Problem description: The records follow. Give them all back exactly.

The records:
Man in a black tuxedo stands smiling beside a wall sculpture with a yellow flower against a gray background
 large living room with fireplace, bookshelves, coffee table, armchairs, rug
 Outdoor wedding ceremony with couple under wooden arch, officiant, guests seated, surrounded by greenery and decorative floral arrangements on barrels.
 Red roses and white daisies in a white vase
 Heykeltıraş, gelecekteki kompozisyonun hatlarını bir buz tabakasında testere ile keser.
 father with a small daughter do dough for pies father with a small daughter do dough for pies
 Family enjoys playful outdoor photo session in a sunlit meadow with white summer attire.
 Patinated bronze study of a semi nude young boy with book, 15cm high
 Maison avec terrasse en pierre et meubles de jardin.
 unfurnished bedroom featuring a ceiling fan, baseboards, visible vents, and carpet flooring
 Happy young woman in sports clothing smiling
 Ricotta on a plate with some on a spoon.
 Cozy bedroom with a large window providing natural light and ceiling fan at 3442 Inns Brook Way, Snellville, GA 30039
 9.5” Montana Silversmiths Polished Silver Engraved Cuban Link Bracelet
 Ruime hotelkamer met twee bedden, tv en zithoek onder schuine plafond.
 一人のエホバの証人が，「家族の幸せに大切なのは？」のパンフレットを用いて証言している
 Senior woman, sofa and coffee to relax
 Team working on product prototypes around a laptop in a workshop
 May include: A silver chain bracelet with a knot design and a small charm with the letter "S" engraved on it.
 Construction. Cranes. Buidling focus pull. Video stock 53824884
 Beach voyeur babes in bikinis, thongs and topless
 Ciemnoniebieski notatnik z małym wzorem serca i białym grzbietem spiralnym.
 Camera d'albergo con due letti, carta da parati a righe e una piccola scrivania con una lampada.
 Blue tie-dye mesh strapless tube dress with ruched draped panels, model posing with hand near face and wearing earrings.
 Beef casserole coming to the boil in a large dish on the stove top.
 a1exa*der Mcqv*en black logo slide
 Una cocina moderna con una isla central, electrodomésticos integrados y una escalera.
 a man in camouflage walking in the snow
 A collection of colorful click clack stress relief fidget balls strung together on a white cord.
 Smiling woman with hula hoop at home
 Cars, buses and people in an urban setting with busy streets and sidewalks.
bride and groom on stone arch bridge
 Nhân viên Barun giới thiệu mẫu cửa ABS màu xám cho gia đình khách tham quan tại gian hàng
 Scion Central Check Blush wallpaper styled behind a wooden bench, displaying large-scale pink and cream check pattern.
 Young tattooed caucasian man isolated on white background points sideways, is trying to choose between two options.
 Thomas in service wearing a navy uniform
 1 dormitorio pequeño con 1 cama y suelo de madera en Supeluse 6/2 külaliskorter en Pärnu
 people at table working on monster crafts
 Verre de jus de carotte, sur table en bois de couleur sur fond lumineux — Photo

Response:
Man in a black tuxedo stands smiling beside a wall sculpture with a yellow flower against a gray background
 large living room with fireplace, bookshelves, coffee table, armchairs, rug
 Outdoor wedding ceremony with couple under wooden arch, officiant, guests seated, surrounded by greenery and decorative floral arrangements on barrels.
 Red roses and white daisies in a white vase
 Heykeltıraş, gelecekteki kompozisyonun hatlarını bir buz tabakasında testere ile keser.
 father with a small daughter do dough for pies father with a small daughter do dough for pies
 Family enjoys playful outdoor photo session in a sunlit meadow with white summer attire.
 Patinated bronze study of a semi nude young boy with book, 15cm high
 Maison avec terrasse en pierre et meubles de jardin.
 unfurnished bedroom featuring a ceiling fan, baseboards, visible vents, and carpet flooring
 Happy young woman in sports clothing smiling
 Ricotta on a plate with some on a spoon.
 Cozy bedroom with a large window providing natural light and ceiling fan at 3442 Inns Brook Way, Snellville, GA 30039
 9.5” Montana Silversmiths Polished Silver Engraved Cuban Link Bracelet
 Ruime hotelkamer met twee bedden, tv en zithoek onder schuine plafond.
 一人のエホバの証人が，「家族の幸せに大切なのは？」のパンフレットを用いて証言している
 Senior woman, sofa and coffee to relax
 Team working on product prototypes around a laptop in a workshop
 May include: A silver chain bracelet with a knot design and a small charm with the letter "S" engraved on it.
 Construction. Cranes. Buidling focus pull. Video stock 53824884
 Beach voyeur babes in bikinis, thongs and topless
 Ciemnoniebieski notatnik z małym wzorem serca i białym grzbietem spiralnym.
 Camera d'albergo con due letti, carta da parati a righe e una piccola scrivania con una lampada.
 Blue tie-dye mesh strapless tube dress with ruched draped panels, model posing with hand near face and wearing earrings.
 Beef casserole coming to the boil in a large dish on the stove top.
 a1exa*der Mcqv*en black logo slide
 Una cocina moderna con una isla central, electrodomésticos integrados y una escalera.
 a man in camouflage walking in the snow
 A collection of colorful click clack stress relief fidget balls strung together on a white cord.
 Smiling woman with hula hoop at home
 Cars, buses and people in an urban setting with busy streets and sidewalks.
bride and groom on stone arch bridge
 Nhân viên Barun giới thiệu mẫu cửa ABS màu xám cho gia đình khách tham quan tại gian hàng
 Scion Central Check Blush wallpaper styled behind a wooden bench, displaying large-scale pink and cream check pattern.
 Young tattooed caucasian man isolated on white background points sideways, is trying to choose between two options.
 Thomas in service wearing a navy uniform
 1 dormitorio pequeño con 1 cama y suelo de madera en Supeluse 6/2 külaliskorter en Pärnu
 people at table working on monster crafts
 Verre de jus de carotte, sur table en bois de couleur sur fond lumineux — Photo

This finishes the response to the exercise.